# Tuskegee National Forest



## Jaw Jacker (Jul 29, 2009)

Hunted the Tuskegee National Forest (up by Auburn Alabama) with my son Eric the last couple of Days. I kill a Spike chasing a doe & Eric got him a nice 8 point. There is some pretty wood up that way. Hard wood bottom & open pine hills (big hills). :blink: need to be half goat to hunt there.







Needed something for the Freezer. :yes:








Eric's deer, the drag out like to have killed me. :001_huh:








Hard wood bottom by the creek.








Hard wood bottoms








We walked by a tree twice this size coming out one night but could no fine it the next day to get a picture.


----------



## Whitfield81 (Feb 1, 2012)

Might need to adjust the straps all the way out to get up that one!


----------



## k-p (Oct 7, 2009)

Thanks for the pics and congrats on the bucs--nice deer for nat'l forest.
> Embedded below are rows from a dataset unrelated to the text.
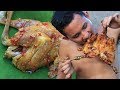 Primitive Technology: Cooking Chicken with Banana Flower in the Forest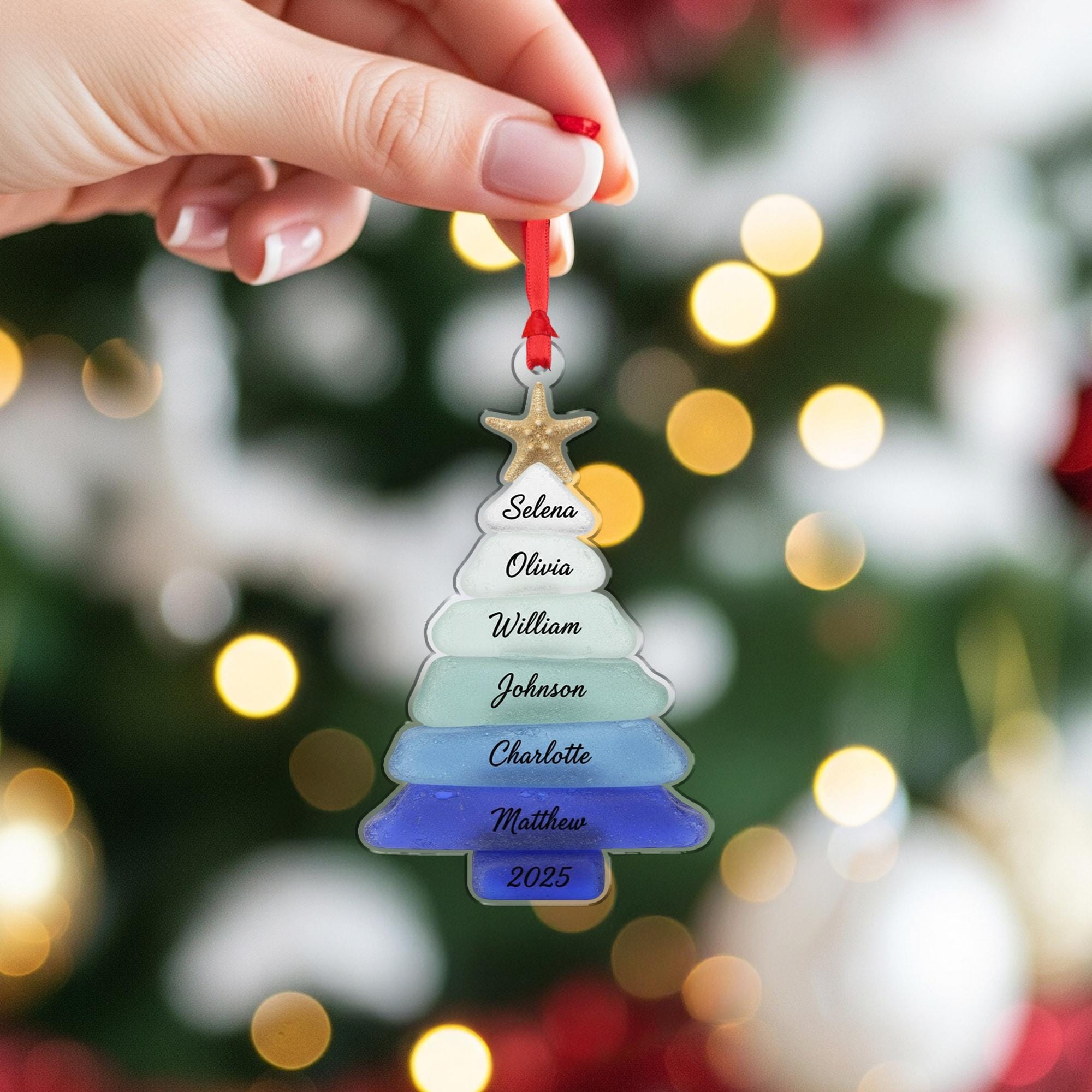 Personalized Acrylic Tree Ornament – Custom Names 2025 Edition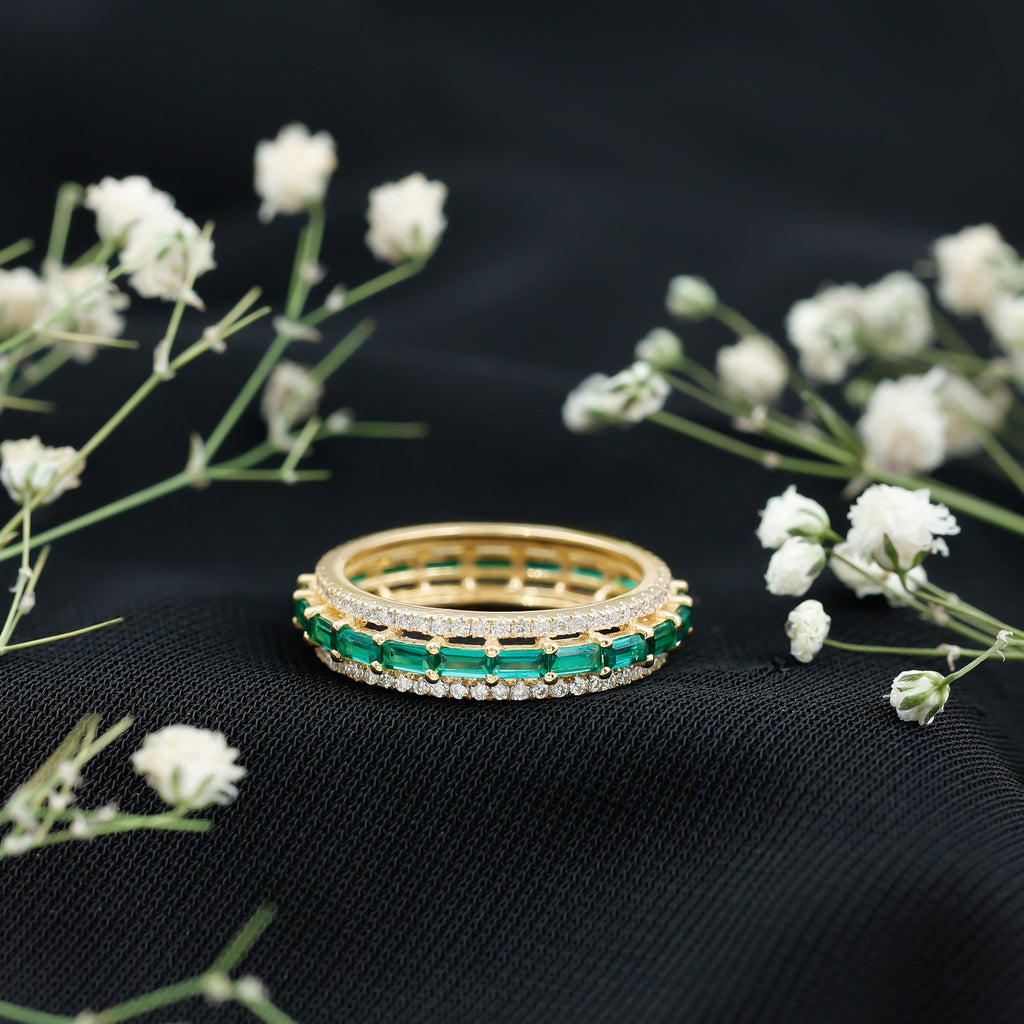 Baguette Cut Lab Grown Emerald and Moissanite Wedding Band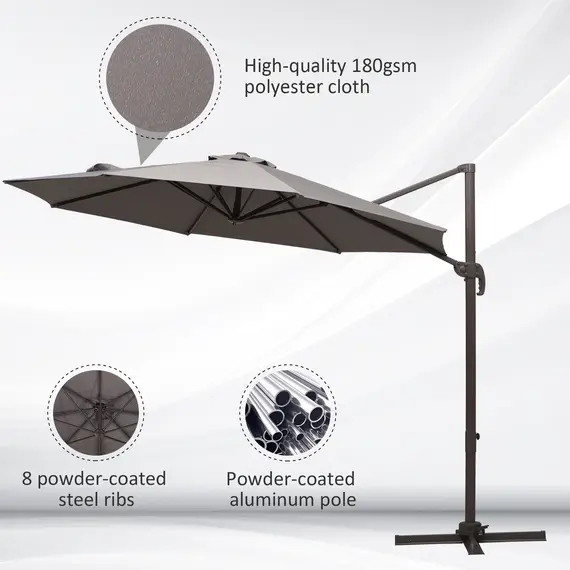 Buy 3m Cantilever Aluminium Frame Outdoor Garden Parasol Grey, 6 image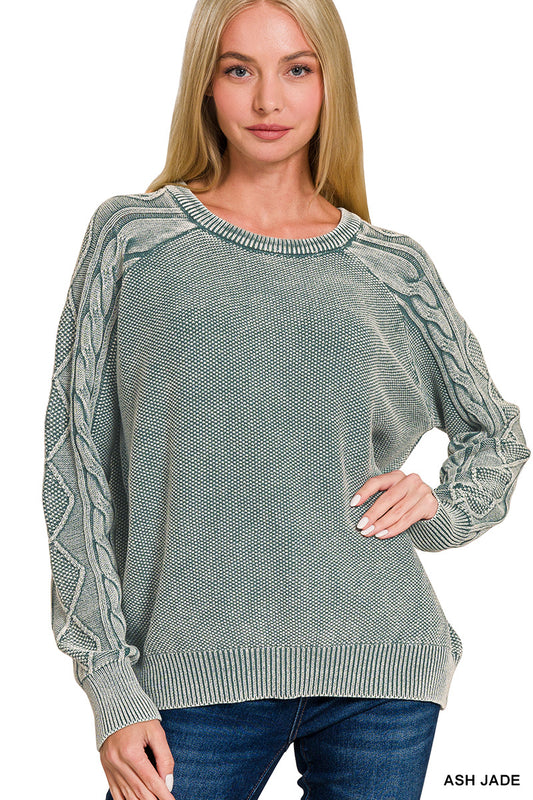 Ash Jade Stone Washed Cable-Sleeve Crewneck Sweater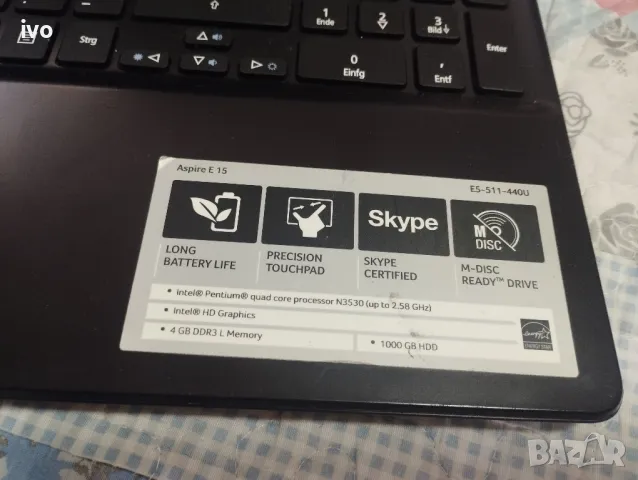 4 ядрен лаптоп Acer Aspire E-15, снимка 4 - Лаптопи за дома - 48628043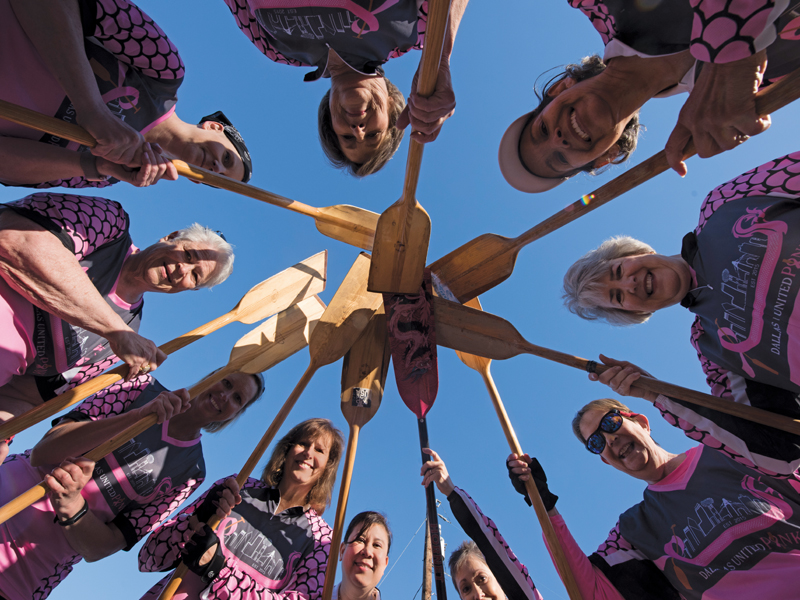 Breast cancer survivors form a dragon boat team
Did you see any other deer? How was the pressure? I usually hunt blue spring and think its one of the best deals going.


----------



## chodges (Jan 30, 2011)

Sounds like a great trip.. and you got to bring deer back.


----------



## Jaw Jacker (Jul 29, 2009)

k-p said:


> Thanks for the pics and congrats on the bucs--nice deer for nat'l forest. Did you see any other deer? How was the pressure? I usually hunt blue spring and think its one of the best deals going.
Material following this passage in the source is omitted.